WHAT THE TASK ASKS
Nothing but an exact repeat of the data, with pictures removed, belongs in the answer.

EXERCISE DATA
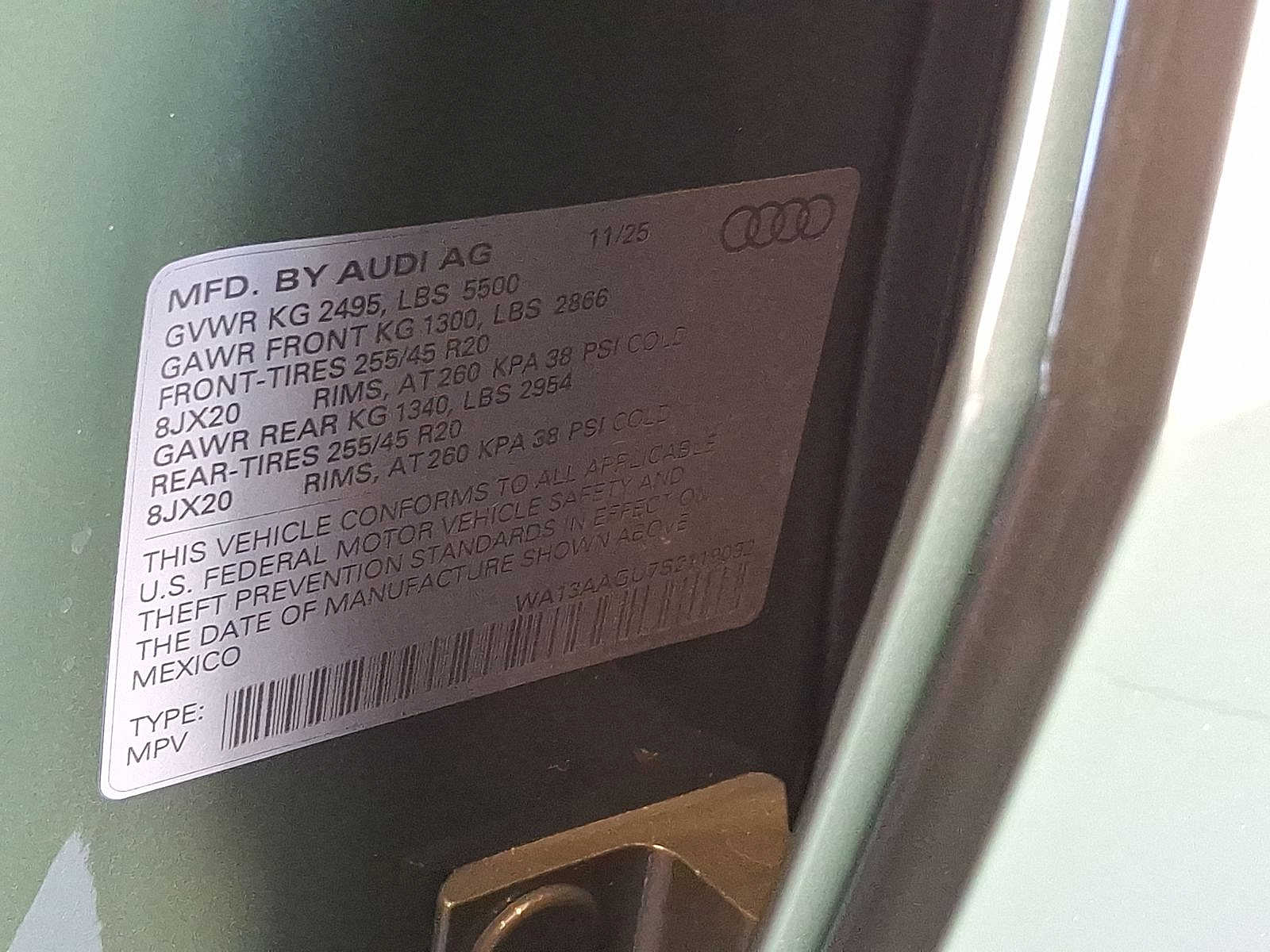 Thumbnail: 2025 Audi Q5 - 7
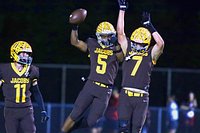 Jacobs’ run game, timely plays lift Golden Eagles past Huntley in FVC action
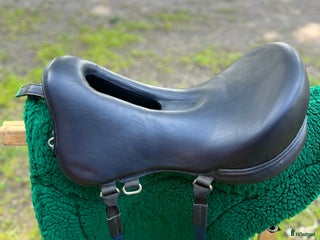 Sadlar hästutrustning till salu: Trevlig lättvikts sadel säljes i Hässleholm - Annons 1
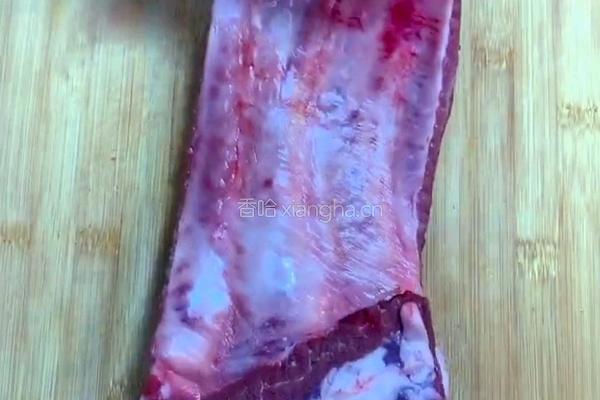 糖醋排骨的做法图解1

YOUR RESPONSE
 Thumbnail: 2025 Audi Q5 - 7
 Jacobs’ run game, timely plays lift Golden Eagles past Huntley in FVC action
 Sadlar hästutrustning till salu: Trevlig lättvikts sadel säljes i Hässleholm - Annons 1
 糖醋排骨的做法图解1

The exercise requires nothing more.